If active camouflage doesn't seem like a real possibility just yet, just wait. The principles used by the creatures is already a topic of hot debate in the military field. Not only are cuttlefish able to change the color of their skin to match their surroundings visually in a way that puts chameleons to shame, some octopi can also move their skin into textures that make them virtually impossible to see even close up.
Many divers have reported being startled while taking excursions in the sea by suddenly finding themselves face to face with an octopus they once thought was a rock or hundreds of strands of seaweed flowing in the waves. And so the military is prepared to spend five million dollars to study the applications for use by human troops in wartime.

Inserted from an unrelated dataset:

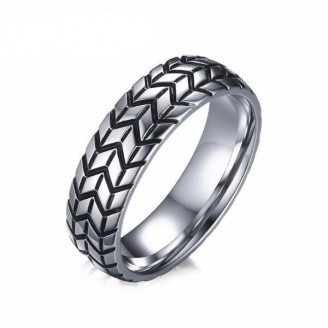 Stainless Steel Classic Silver Tire Ring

Unfortunately, invisibility has its share of problems. It's difficult to make something look like nothing, but the process of making it look like something else is far easier. Rather than expecting a loud humming tank to look like a whisp of air leaving massive tracks behind and kicking up billowing smoke as it travels along, new technology for ground based troops and cavalry might have to look more into making the vehicles look like something else. But this particular study will be focusing primarily on camouflage where it's known to work best - in the sea. Submarines, ships, and unmanned vehicles with the ability to look like something else would be able to make themselves more convincingly invisible to the eyes of enemy vessels.
Of course the technology everyone has always wanted is true invisibility for people. This technology, if Sonke Johnson who's leading the study is correct, the cephalopods might be the next step toward making it a reality.
Stealth has figured prominently in military research spending in recent years. In 2010 Tolga Ergin researched using several million tiny bumps that projected colors on them that rendered the wearer of a suit made of them invisible. Currently the research is still ongoing, but it's yet another example of making the armed forces of the future invisible.
In 2006, an announcement by Duke University that it could make a device vanish from microwaves wasn't met with much excitement, but by now that same institute is now moving its research in a direction that might take us all into a very different world in only a few years. The field of stealth might be the thing that changes the world - and battlefields forever.